31 Oct

The PI Demo is Online

Dear Friends of PI,

Over the last months, thanks to a USAID grant awarded to PI as one of the winners of the Tech Challenge for Atrocity Prevention co-sponsored by Humanity United we successfully developed a web based demo of some of the PI features. At this stage the demo is based on an incident report scenario. We invite you to visit our Demo page to access the demo and test out some of its features.

PI Demo

Given our time and resource constraints, we had to choose a few features we wished to demonstrate. The Demo as it stands is far from a finished and polished product. Important PI Features such as the provision of actionable feedback to those reporting information still need to be developed, while all of the current features can be greatly enhanced, including with more advanced natural language processing algorithms.

This being said, with the demo as it stands you can put yourself in the shoes of an untrained person and

  • Contact the PI platform and report an incident by answering a number of questions via text messaging.

Or from the perspective of a staff member of one of the organizations running PI:

  • See how the PI Demo facilitates the collection of structured data which are automatically geotagged;
  • Experience how the PI Demo automatically triages reports along pre-established thematic categories;
  • You can adjust the level of confidence that a given report is clustered within a certain category;
  • You can triangulate reports which share similar characteristics including a date, a proximate location and at least one thematic category;
  • You refine the list of keywords defining each thematic category to improve automatic categorization by the PI Demo;
  • And of course, you can view and sort reports by geographic area, categories and time.

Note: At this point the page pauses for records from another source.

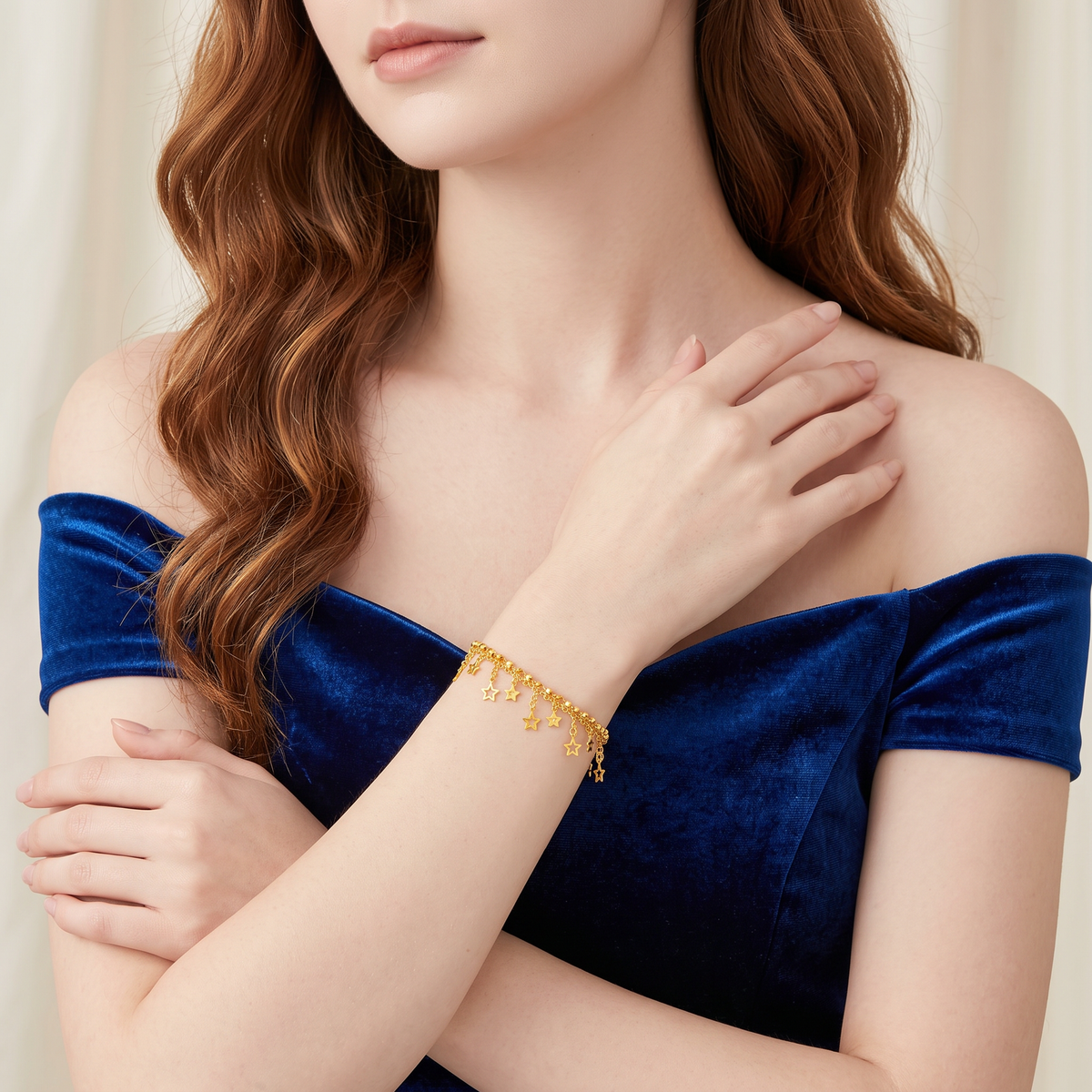 24k Fine Gold Dangle Stars Chain Bracelet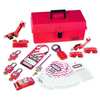 Master Lock Portable Lockout Kit, Electrical Focus Assortment, 3 Thermoplastic Keyed-Alike Padlocks, Red 1457E410KA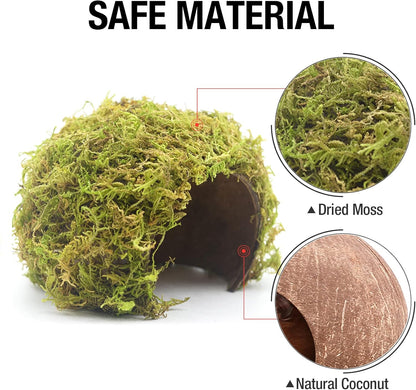 Hamster Hideaway/Hideout,Mossy Cave Hide,Hamster House/Hides,Hamster Cage Accessories for Gguinea Pig/Hedgehogs/Gliders/Rats/Mice and Other Small Animals (Small)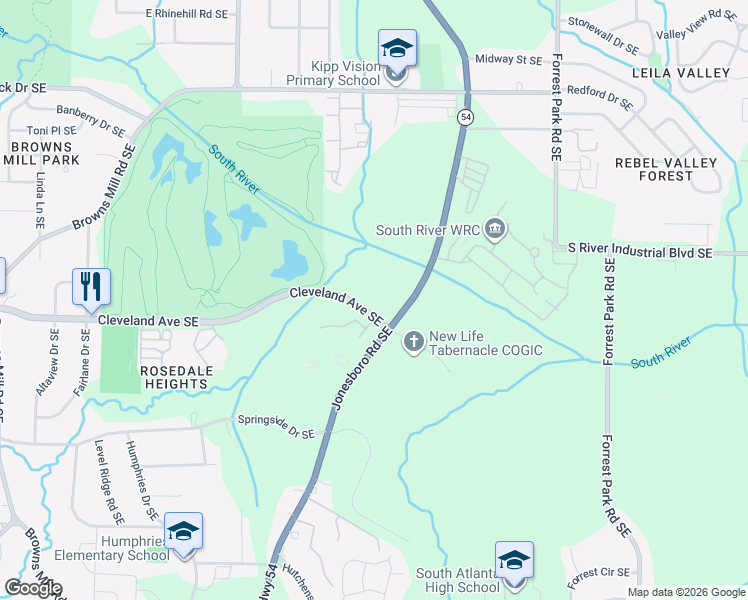 map of restaurants, bars, coffee shops, grocery stores, and more near 500 Cleveland Avenue Southeast in Atlanta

We invite all our demo users to complete a survey where we will gather first impressions as well as ideas how to improve our software.

Our intention is to use this demo as a basis to discuss the development of PI’s core features, the design of thematic questionnaires and their underlying questions’ logic with PI’s stakeholders.

We also hope to use the PI Demo to raise awareness that it is possible to automate a great number of information management processes.

Lessons learned: During the design phase of the PI architecture and the development efforts of the PI Demo, we quickly learned the importance of regular face to face quality conversations with the developers’ team. As soon as a first version of the demo was coded, we tested it and communicated what worked seamlessly, bugs to be corrected and changes to features that worked but that needed to be rendered differently. Developers went back to work, delivered a new version, which we tested again. The process ended when we were happy that the features had been rendered as per the agreed specifications and all remaining bugs had been corrected.

The number of processes implemented as well as the algorithmic complexity of the Demo also provide us with an indication of the amount of efforts that will be needed to design the PI platform. It will require sustained development efforts to improve current natural language processing algorithms combined with machine learning capabilities and develop the remaining features of the PI platform. Its development will necessitate close interactions with PI stakeholders whose inputs during the design and testing phases will form the socle of PI’s development efforts.